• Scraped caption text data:

__________

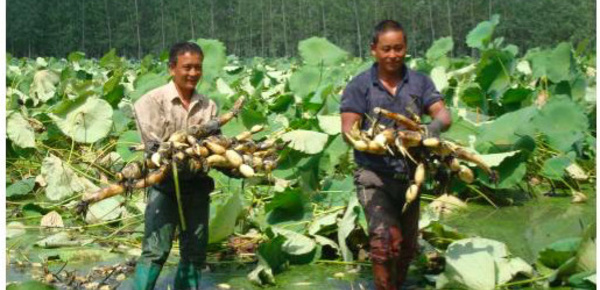 La réforme structurelle de l'offre va stimuler l’esprit créatif des Chinois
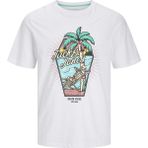 Jack&jones Lijah Crew Neck Erkek Beyaz Yuvarlak Yaka Tişört - 2XL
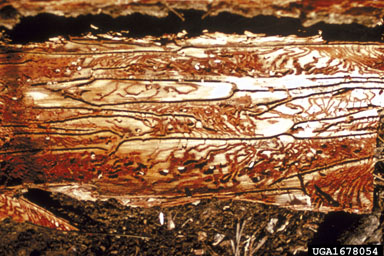 pine engraver, Ips pini  (Coleoptera: Curculionidae) - 1678054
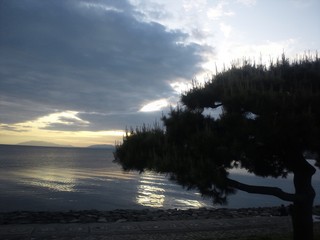DSC_3838.JPG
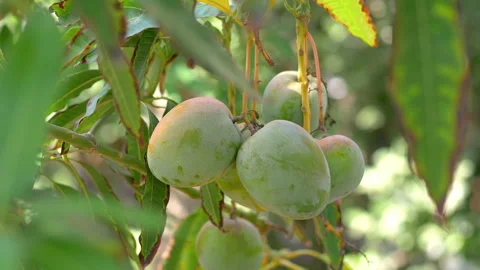 Mango tree in 4K slow motion 60fps Stock Footage 113691255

__________

• YOUR GOAL: Reproduce the data above in full, exactly, with the images removed.

• RESULT OF THE TASK:
 La réforme structurelle de l'offre va stimuler l’esprit créatif des Chinois
 Jack&jones Lijah Crew Neck Erkek Beyaz Yuvarlak Yaka Tişört - 2XL
 pine engraver, Ips pini  (Coleoptera: Curculionidae) - 1678054
DSC_3838.JPG
 Mango tree in 4K slow motion 60fps Stock Footage 113691255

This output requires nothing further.